# So, say I wanted to start a story hour...



## MerakSpielman (Nov 13, 2002)

I haven't lurked in this nook of enworld much. 
Are there processes and procedures to start up your own story hour? 
Do you just post like I am now? 
What's with the "new archiving method" thread? 
What does it mean to archive your story hour? Is that so it won't get pruned?

Forgive the newbie-questions please.


----------



## Enkhidu (Nov 13, 2002)

In a nutshell:

Post up the story hour at will, just like starting a new thread. I would suggest making sure your formatting is easy to read (spaces between paragraphs, etc.)

The "New Archiving Method" is just as simple as uplaoding a document. Follow the directions in the StoryHour area of www.enworld.org and you'll be fine. In fact, unless you already have the story hour written, you won't need to worry about it for a while.

Archiving a Story hour actually helps in a number of ways - it keeps an uninterrupted version (usually in Word format, or something similar) of your story hour available for others to download. Also, if the Story hour has run it's course, you can archive it there permanantly so that people don't have to keep searching for the thread.

Good Luck!


----------



## Rel (Nov 14, 2002)

Geez, Enk, you forgot to tell Merak the most important rule of all!

See Merak, everybody here at the Story Hour forum secretly agrees that Enkhidu and I have two of the best threads in the Forum.  So they've instituted a new rule that whenever you post an update to your own thread, you also have to come to our Story Hours and post a comment of some sort too.
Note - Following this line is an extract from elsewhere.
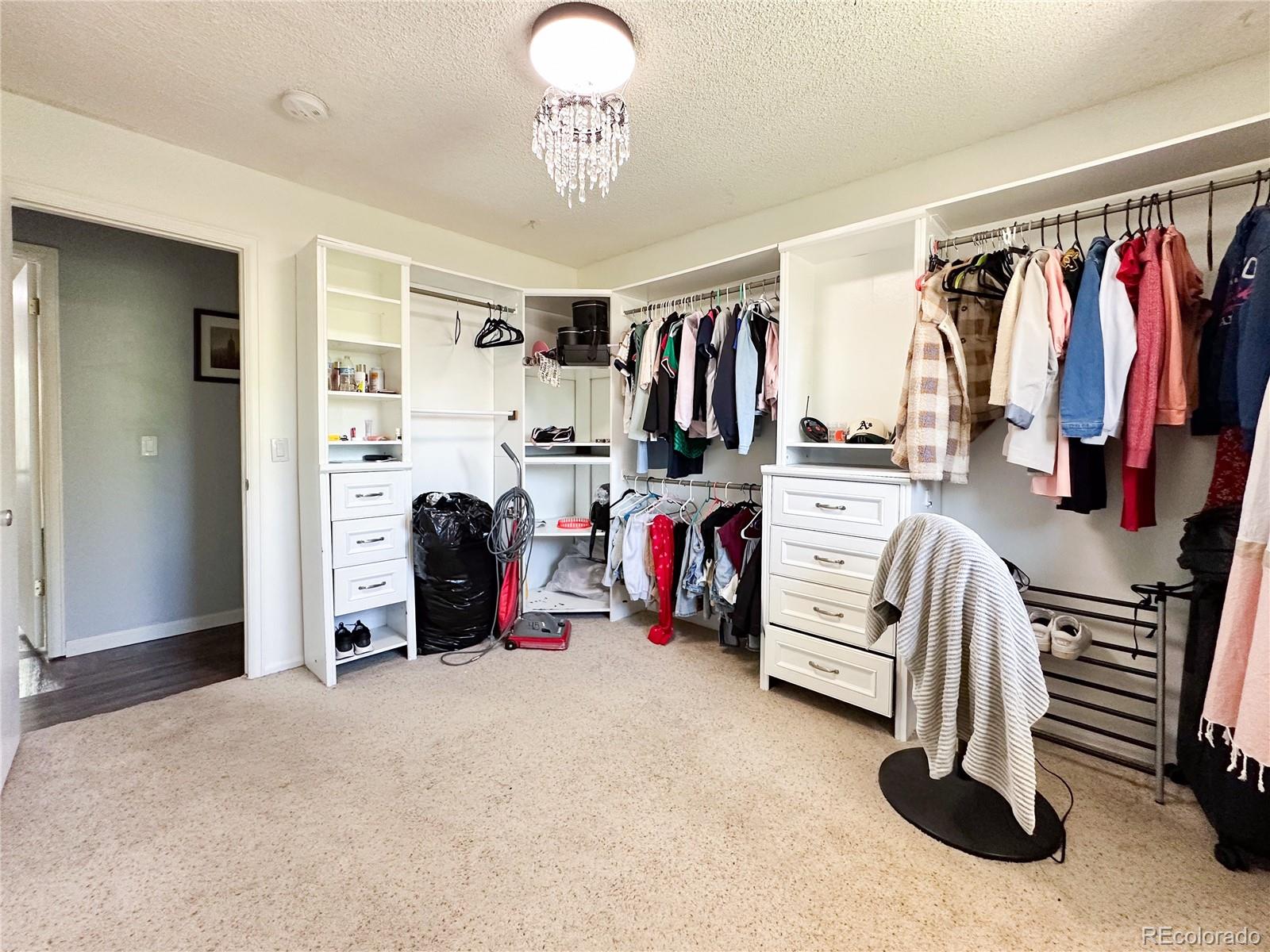 MLS Image #21 for 17891 e florida avenue,aurora, Colorado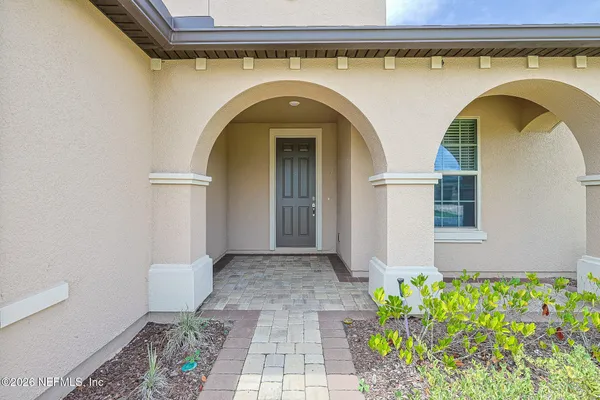 Property Slideshow image 2 of 21 | 12 bent lake ct, St. Augustine, FL, 32095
I know it might be inconvenient sometimes, but those are the Rules! (as far as you know)


----------



## Dr Midnight (Nov 15, 2002)

He's just kidding, Merak. 

The truth of that is that you're required to read the KNIGHTS OF SPELLFORGE KEEP thread and post there, so your story hour will be as well-written and insightful as possible. The KoSK thread also helps you to maintain humility, as it will regularly remind you of your place: Should you start getting cocky, the KoSK story hour is there to show you what REAL writing skills, drama, and adventure are like. 

It's not so much about lording it over you... it's just showing you where the bar of excellence is set.


----------



## Victim (Nov 15, 2002)

To post a story hour, you follow the exact same procedure you used to start this thread, except that you'd fill the grey box where the text appears with the story.  There's no requirements or anything, like having to send in a writing sample.  Even I could start a story hour.

Lately, people have been editing the thread title to show when the story has last been updated.


----------



## Sniktch (Nov 15, 2002)

> The KoSK thread also helps you to maintain humility, as it will regularly remind you of your place: Should you start getting cocky, the KoSK story hour is there to show you what REAL writing skills, drama, and adventure are like.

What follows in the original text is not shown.